Selama berbincang, aku merasakan tatapan Jihan yang intens. Rasanya seperti ada magnet yang menarikku padanya. Dia cantik, dan… aku mulai merasa gelisah.
“Aduh, jangan-jangan aku jatuh cinta nih sama Jihan,” gumamku dalam hati. “Jangan kasih harapan, Jihan. Aku ini orang kampung yang sederhana, mana mungkin bisa mendapatkan wanita secantik dan seanggun kamu.”
“Dra, mau nonton film nggak?” tanya Jihan, suaranya terdengar menggoda.
Tiba-tiba, tanganku terasa hangat. Jihan memegang pahanya, tepat di bagian atas. Pak Randi melihatnya, namun dia hanya tersenyum santai.
“Kalau aku yang diposisinya Pak Randi, pasti sudah…,” batinku. Jihan cantik, seksi, dan menggoda. Namun, aku perhatikan, payudaranya terlihat agak kendur. Untungnya, dia pakai baju yang cukup tebal, sehingga putingnya tidak terlihat.
“Ayo,” ajak Jihan, lalu menggenggam tanganku di depan Pak Randi. Astaga, aku jadi takut kena marah Pak Randi.
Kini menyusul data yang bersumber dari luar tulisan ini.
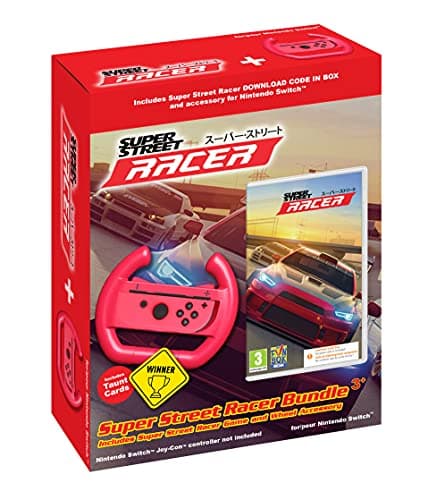 Image of Super Street Racer Bundle + Wheel Accessory Nintendo Switch Game [Code in a Box] (Nintendo Switch)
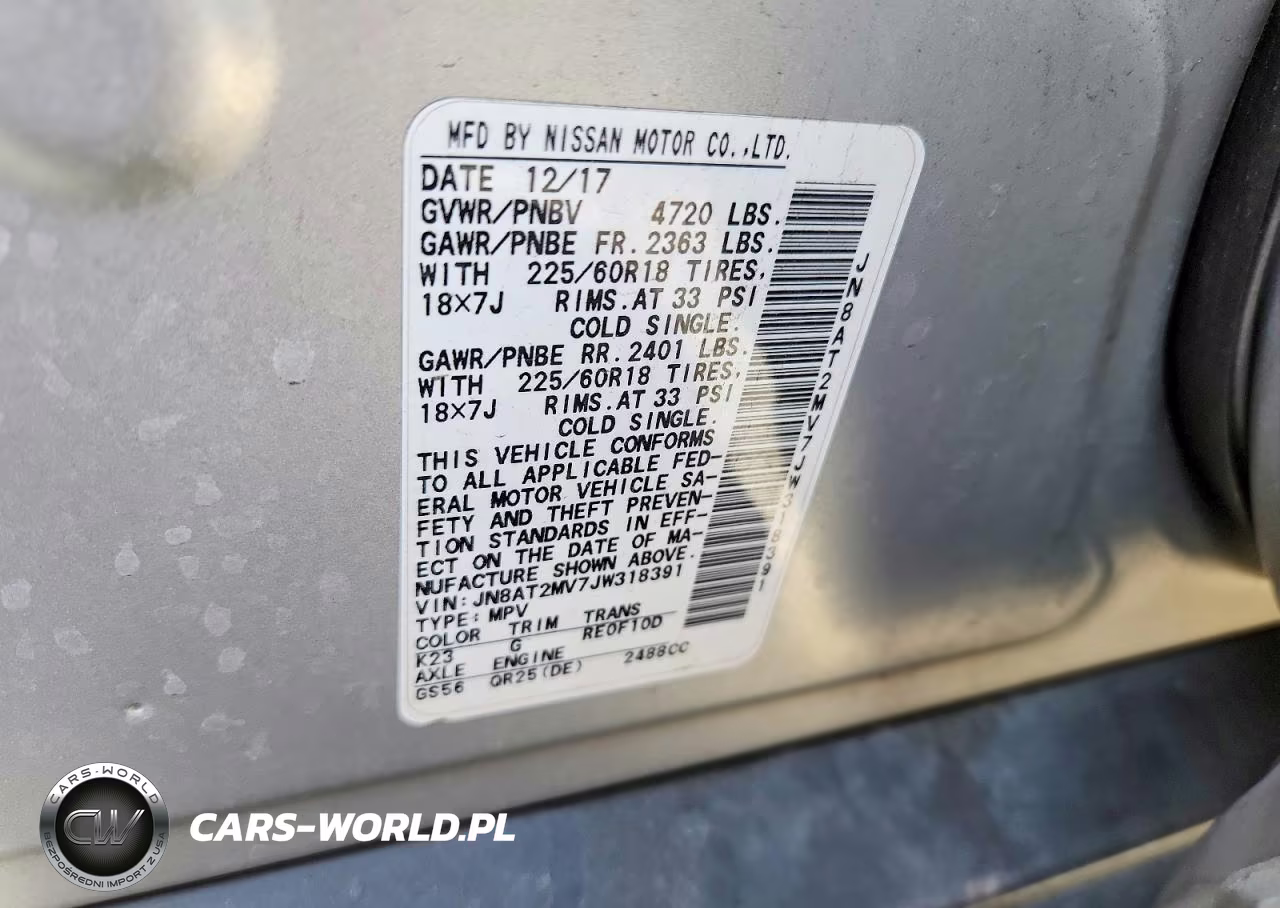 2018 Nissan Rogue Sl VIN:JN8AT2MV7JW318391 - 13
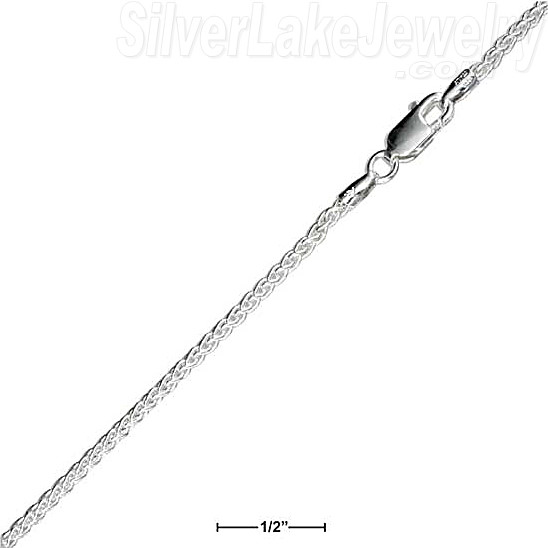 24" Sterling Silver 040 Wheat Chain (1.5mm) - Click Image to Close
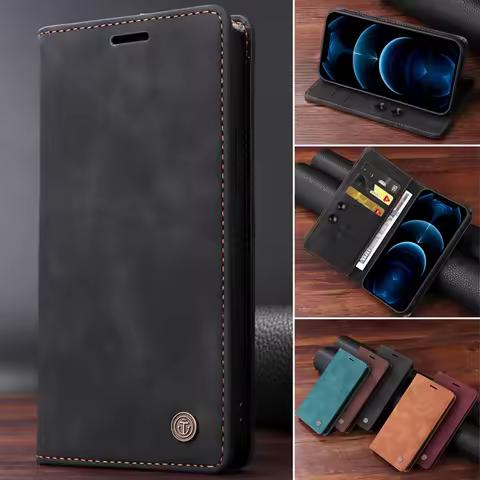 Suction Cup Soft Leather Flip Case For Samsung Galaxy S20 Ultra Lite S20FE S20 S10 S9 S8 Plus Note 9
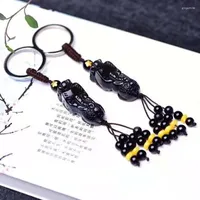 Keychains Obsidian Brave Troops Keychain Accessories Charms Handmade Key Chain Pendant Gifts For Men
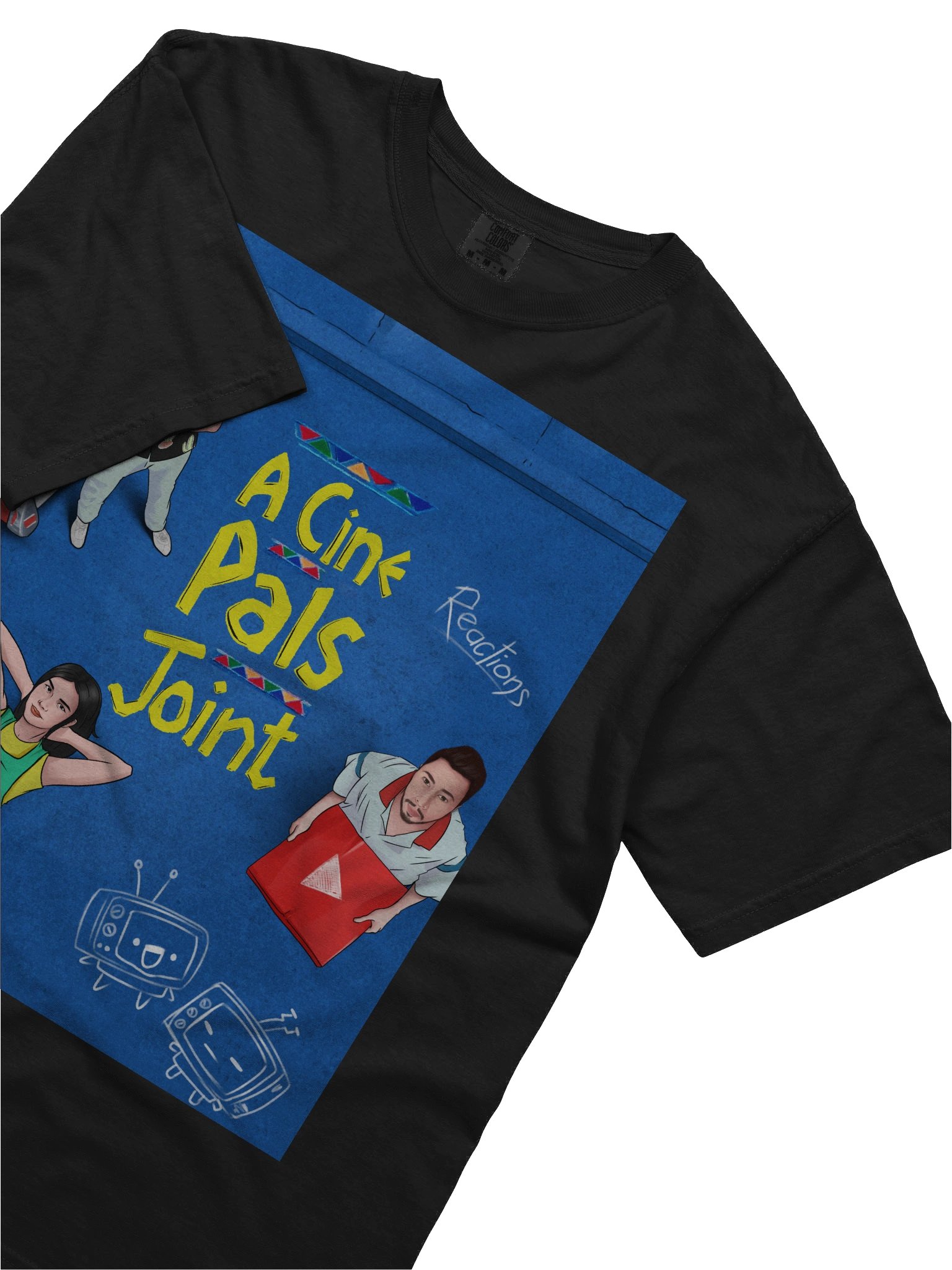 A CinePals Joint: The "Right Thing" Tee in Black product image (5)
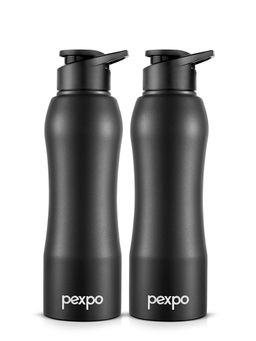 Pexpo - Bistro Black Knight Stainless Steel Fridge Bottle/Sipper - 1000 Ml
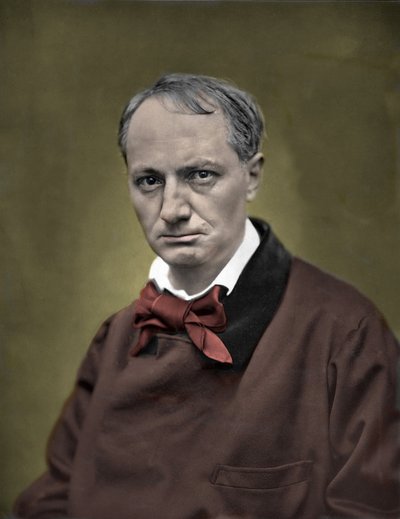 Ritratto di Charles Baudelaire da Etienne Carjat
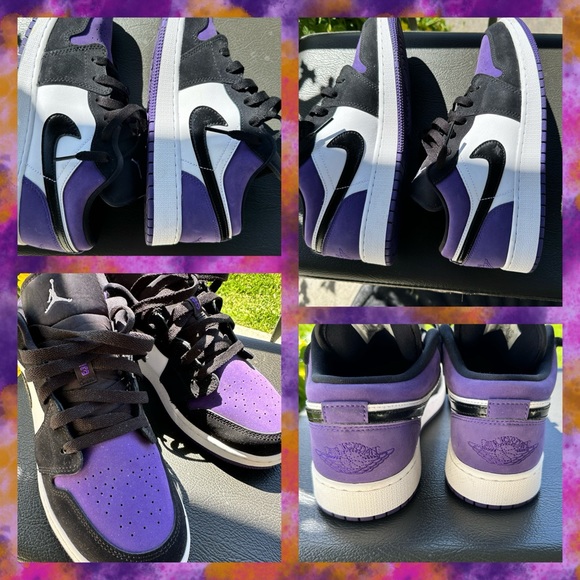 Air Jordan 1 Low GS Court Purple - Picture 4 of 6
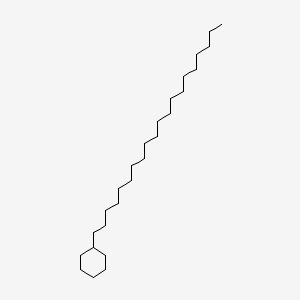 molecular formula C26H52 B13350411 Cyclohexane, eicosyl- CAS No. 4443-55-4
Saat kami hendak masuk ke dalam, ponsel Pak Randi berdering.
“Eh, kalian lanjut saja dulu. Aku mau jawab telepon dulu,” ujar Pak Randi.
“Yuk, Dra, kita ke ruang keluarga, nonton TV,” ajak Jihan.
“Sayang?” Apakah aku salah dengar? Dia memanggilku sayang di depan Pak Randi? Aku melirik Pak Randi, dia hanya mengedipkan mata dengan senyum jahil.
“Wah, ini kesempatan emas,” batinku.